Veterans Review and Appeal Board

Agency overview
- Formed: 1995
- (etc.);
- Jurisdiction: Government of Canada
- Headquarters: Charlottetown, Prince Edward Island, Canada 46°14′8.03″N 63°7′35″W﻿ / ﻿46.2355639°N 63.12639°W
- Minister responsible: Lawrence MacAulay, Minister of Veterans Affairs;
- Agency executives: Chris McNeil, Chairperson; Jacques Bouchard, Deputy Chairperson;
- Parent agency: Independent agency that reports to Parliament through the Minister of Veterans Affairs
- Website: http://www.vrab-tacra.gc.ca

= Veterans Review and Appeal Board =

The Veterans Review and Appeal Board (VRAB; Tribunal des anciens combattants (révision et appel)) is a government of Canada agency responsible for hearing reviews and appeals by ill and injured Veterans and members of the Royal Canadian Mounted Police in relation to disability pension and award decisions by Veterans Affairs Canada. Although the Board reports to Parliament through the Minister of Veterans Affairs, the Board is an independent agency. It was created in 1995, and is governed by the Veterans Review and Appeal Board Act and the Veterans Review and Appeal Board Regulations. The board is headed by a chair and a deputy chair, who are selected from a permanent Board of 25 members and as many temporary members as deemed necessary. The head office is located in the Sherwood Business Centre, Charlottetown, Prince Edward Island.

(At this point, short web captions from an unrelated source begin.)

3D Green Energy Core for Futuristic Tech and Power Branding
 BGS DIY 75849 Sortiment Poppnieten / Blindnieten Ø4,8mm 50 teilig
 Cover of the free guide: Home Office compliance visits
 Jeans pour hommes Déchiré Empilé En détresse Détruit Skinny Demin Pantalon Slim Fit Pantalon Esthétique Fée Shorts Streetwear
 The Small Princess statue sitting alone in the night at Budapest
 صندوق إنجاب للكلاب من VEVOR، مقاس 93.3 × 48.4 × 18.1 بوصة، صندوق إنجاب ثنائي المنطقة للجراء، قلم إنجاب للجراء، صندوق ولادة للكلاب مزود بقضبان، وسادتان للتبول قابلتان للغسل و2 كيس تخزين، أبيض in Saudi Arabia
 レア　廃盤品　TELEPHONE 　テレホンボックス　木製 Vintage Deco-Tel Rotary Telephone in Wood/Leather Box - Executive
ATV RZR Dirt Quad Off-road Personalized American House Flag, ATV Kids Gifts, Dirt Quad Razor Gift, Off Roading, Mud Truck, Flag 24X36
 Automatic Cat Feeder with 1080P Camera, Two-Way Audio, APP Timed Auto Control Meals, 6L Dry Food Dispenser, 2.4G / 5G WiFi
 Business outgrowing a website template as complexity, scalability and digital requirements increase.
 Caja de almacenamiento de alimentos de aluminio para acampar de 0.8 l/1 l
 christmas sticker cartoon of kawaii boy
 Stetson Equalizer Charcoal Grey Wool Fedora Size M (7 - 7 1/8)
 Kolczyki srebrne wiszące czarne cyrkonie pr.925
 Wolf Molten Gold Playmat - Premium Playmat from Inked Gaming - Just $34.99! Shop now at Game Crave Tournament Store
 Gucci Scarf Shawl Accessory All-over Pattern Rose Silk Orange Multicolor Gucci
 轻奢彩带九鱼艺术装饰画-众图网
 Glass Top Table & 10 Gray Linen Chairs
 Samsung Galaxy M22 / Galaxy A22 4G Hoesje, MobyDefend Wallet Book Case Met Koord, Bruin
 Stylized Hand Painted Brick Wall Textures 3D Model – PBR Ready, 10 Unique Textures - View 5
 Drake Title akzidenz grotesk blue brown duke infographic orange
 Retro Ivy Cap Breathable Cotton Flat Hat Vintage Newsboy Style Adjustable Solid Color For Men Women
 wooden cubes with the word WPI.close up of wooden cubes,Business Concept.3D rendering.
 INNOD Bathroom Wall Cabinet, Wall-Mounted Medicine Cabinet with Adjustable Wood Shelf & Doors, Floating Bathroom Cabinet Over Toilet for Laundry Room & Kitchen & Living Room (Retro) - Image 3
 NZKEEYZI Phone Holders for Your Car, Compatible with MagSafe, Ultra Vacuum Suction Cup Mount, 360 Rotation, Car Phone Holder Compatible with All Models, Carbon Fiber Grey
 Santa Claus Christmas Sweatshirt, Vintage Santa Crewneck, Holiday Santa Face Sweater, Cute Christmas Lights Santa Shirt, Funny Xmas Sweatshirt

The vast majority of individuals appealing their cases to the Veterans Review and Appeal Board are represented free of charge by lawyers of Veterans Affairs Canada's semi-independent Bureau of Pensions Advocates.

== List of chairs of the Veterans Review and Appeal Board and its predecessor organizations ==

- Chris McNeil (2018–present; Veterans Review & Appeal Board)
- Thomas Jarmyn (2017 - 2018; Veterans Review & Appeal Board)
- Thomas Jarmyn (Acting Chair 2015 - 2017; Veterans Review & Appeal Board)
- John D. Larlee, Q.C. (2009 - 2015; Veterans Review & Appeal Board)
- James MacPhee (Acting Chair Dec 2008 - April 2009; Veterans Review & Appeal Board)
- Victor Marchand (2003 - 2008; Veterans Review & Appeal Board)
- Victor Marchand (Acting Chair 2003; Veterans Review & Appeal Board)
- Brian Chambers (1995 - 2003; Veterans Review & Appeal Board)
- Twila M. Whalen (1991 - 1995; Veterans Appeal Board)
- Norman A. Pinlott (1989 - 1991; Veterans Appeal Board)
- Just P. Letellier, C.D. (1987 - 1989; Veterans Appeal Board)
- Just P. Letellier, C.D. (1985 - 1987; Pension Review Board)
- Frank Oatley Plant, Q.C. (1982 - 1985; Pension Review Board)
- René N. Jutras (1971 - 1982; Pension Review Board)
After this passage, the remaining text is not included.